#### [Data shown]
'''

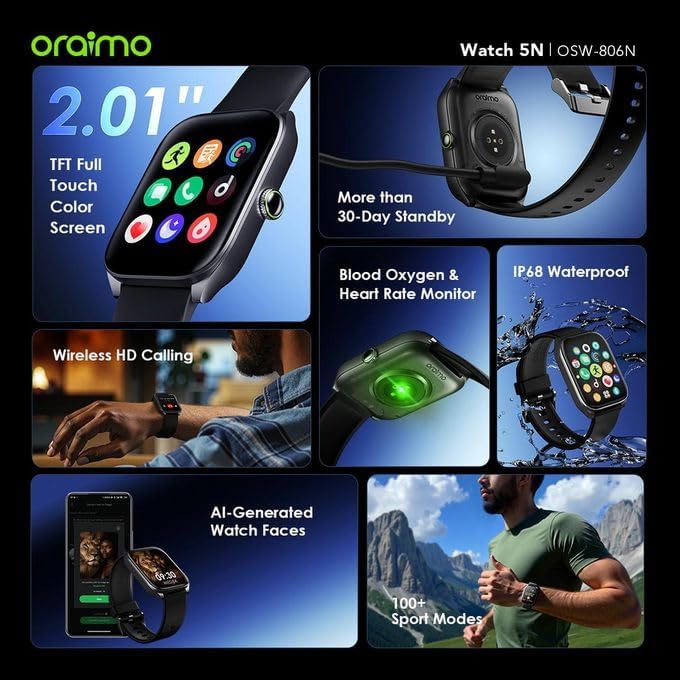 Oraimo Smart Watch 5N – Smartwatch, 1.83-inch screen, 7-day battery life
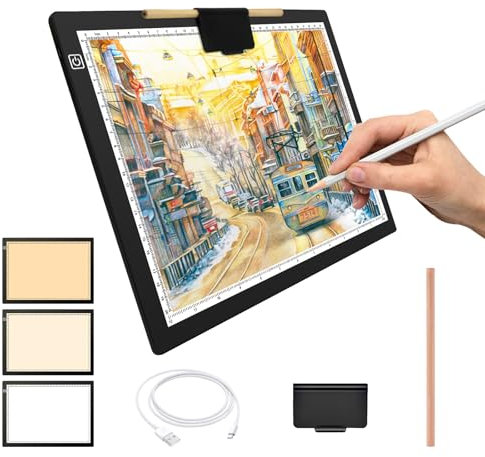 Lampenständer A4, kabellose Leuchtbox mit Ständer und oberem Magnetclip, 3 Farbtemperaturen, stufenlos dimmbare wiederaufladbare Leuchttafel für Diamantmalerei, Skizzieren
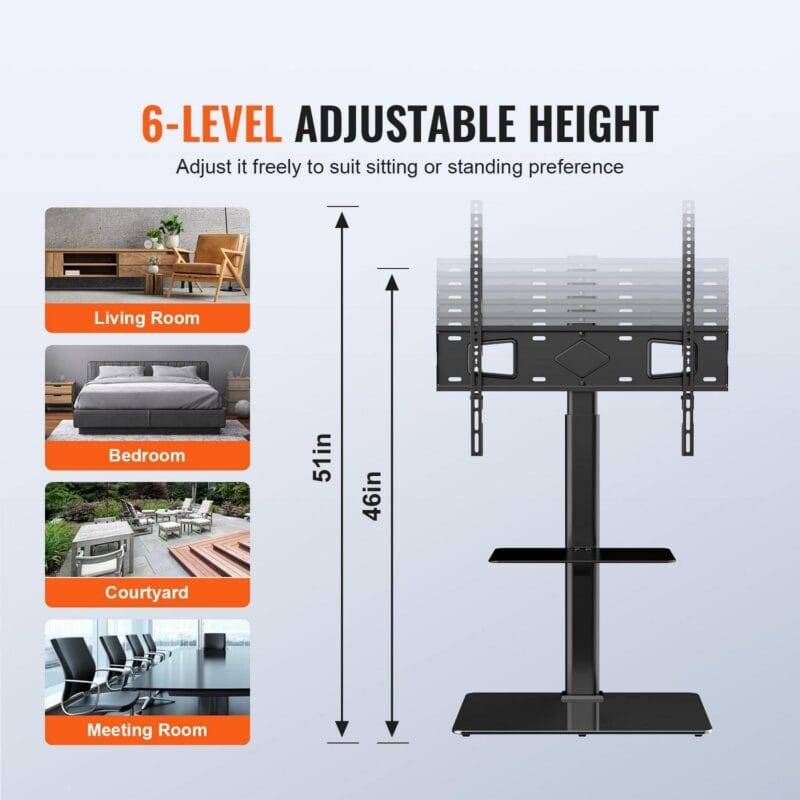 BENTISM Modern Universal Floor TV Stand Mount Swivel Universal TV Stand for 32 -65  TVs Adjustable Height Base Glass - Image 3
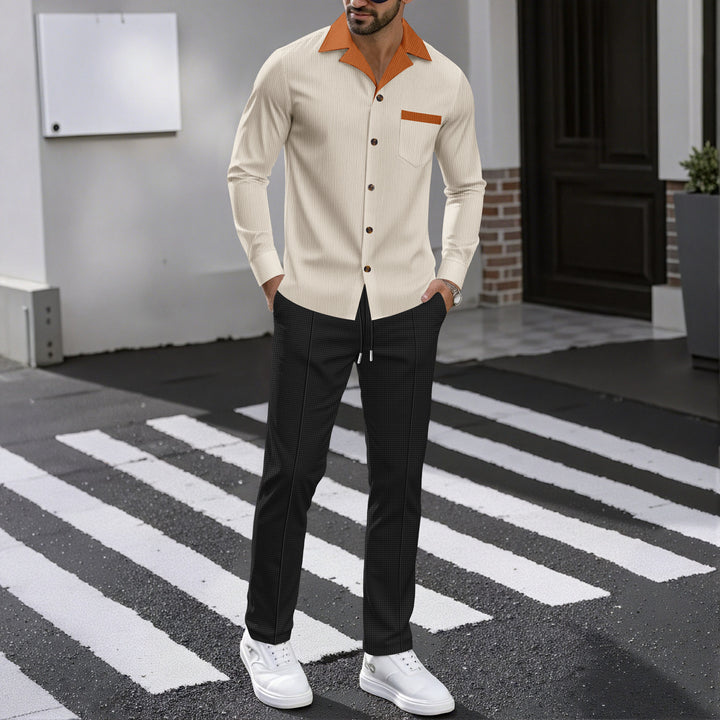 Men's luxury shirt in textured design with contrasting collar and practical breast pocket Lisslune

'''
'''

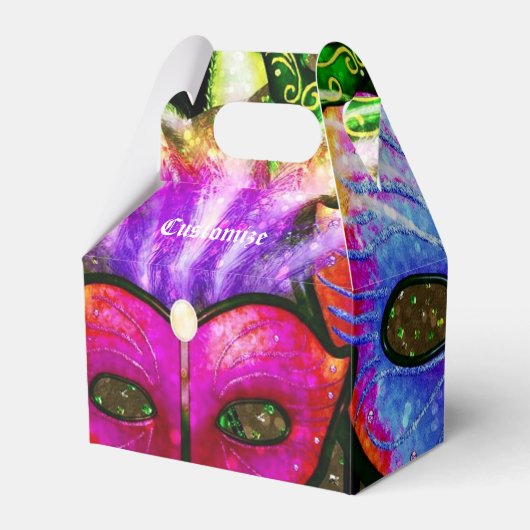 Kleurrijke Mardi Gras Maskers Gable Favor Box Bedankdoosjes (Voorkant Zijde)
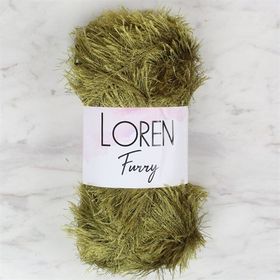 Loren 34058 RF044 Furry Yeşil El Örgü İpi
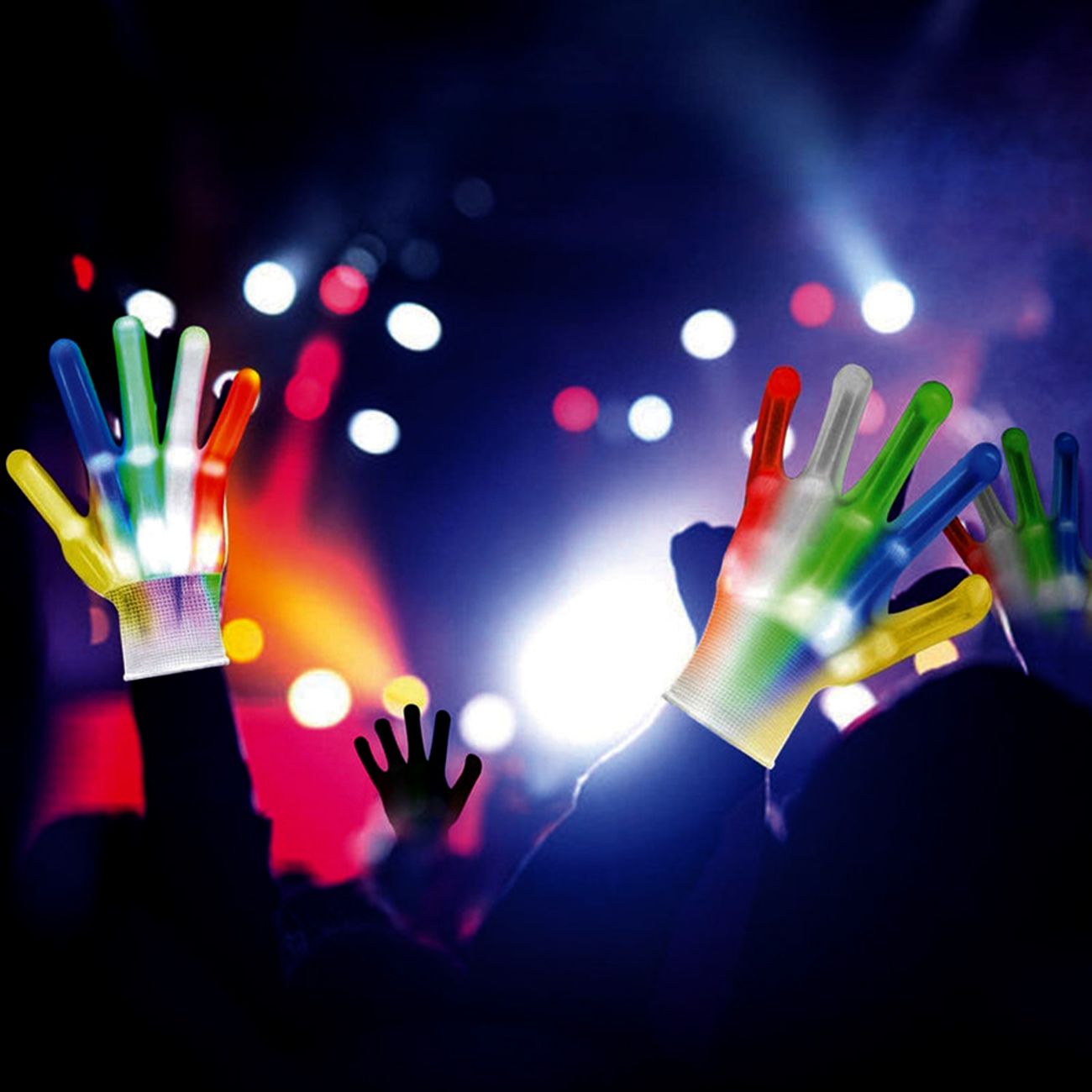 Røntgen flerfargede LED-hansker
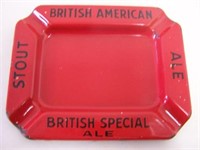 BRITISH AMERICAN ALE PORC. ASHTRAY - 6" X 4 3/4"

'''

#### [Description of the task]
Go back to the listing above and reproduce, exactly, the stretch from the line bearing "Oraimo Smart Watch" through the line bearing "Men's luxury shirt", without its pictures.

#### [Solution]
 Oraimo Smart Watch 5N – Smartwatch, 1.83-inch screen, 7-day battery life
 Lampenständer A4, kabellose Leuchtbox mit Ständer und oberem Magnetclip, 3 Farbtemperaturen, stufenlos dimmbare wiederaufladbare Leuchttafel für Diamantmalerei, Skizzieren
 BENTISM Modern Universal Floor TV Stand Mount Swivel Universal TV Stand for 32 -65  TVs Adjustable Height Base Glass - Image 3
 Men's luxury shirt in textured design with contrasting collar and practical breast pocket Lisslune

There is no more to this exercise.